A few months ago, my friend Tracy and I decided to mortgage our homes and take our children to see Matilda at the Kennedy Center. We had fantastic seats, which turns out was an even better choice than I initially thought. Prior to entering the theater, there was a warning, mentioning that in Matilda - people talk loudly and in strange accents, and perhaps the audience-goer might like to check out the Kennedy Center's assisted listening devices. They also had printed out sheets with the lyrics to several songs (which were useless because the theater is dark - and though I thought about lighting Helen's sheet with my phone, I decided this was just too gauche).
I later learned, that the Washington Post reviewer had this to say about the acoustics of Matilda:
"... the hall’s sound system or acoustics are so atrocious that they have the capability of transforming merrily expectant theatergoers into embittered Scrooges. I know that I am not alone in my belief that the biggest of the Kennedy Center’s performance spaces needs a thorough rethinking on how it handles large-ensemble musicals, because virtually every time one materializes there, I receive emails from people who have emptied their wallets for the show, only to discover they’ve paid to hear half the lyrics — at best."

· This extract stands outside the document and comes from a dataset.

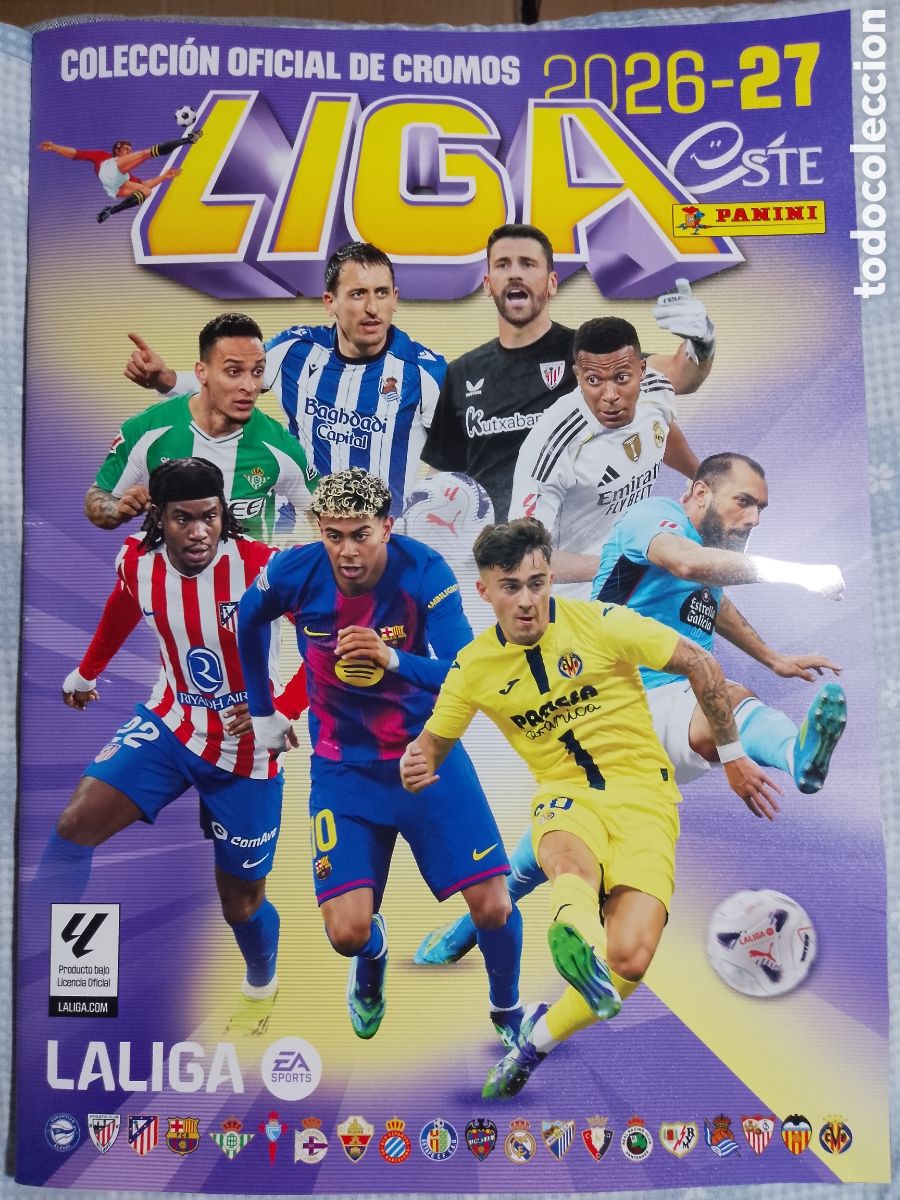 Coleccionismo &aacute;lbumes: ALBUM CROMOS OFICIAL LA LIGA 26 27 PANINI ESTE 2026 2027 - LALIGA . VACIO . NUEVO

Thankfully, we could hear just fine.
And oh, wow, was it amazing. There is something different about a first-run touring cast. It was as good as Broadway. I was in heaven. A few days before the show, I had pulled out a few songbooks and Helen and I had been crooning away. I'm looking forward to getting a copy of the score for this show so we can enjoy some more time with the piano.
It's been awhile since we made it to a full-length musical, and though Connor was once my willing theater buddy, it's not his first choice activity these days. But he didn't want to miss out on this experience, and I was delighted to take my seat between both of my children.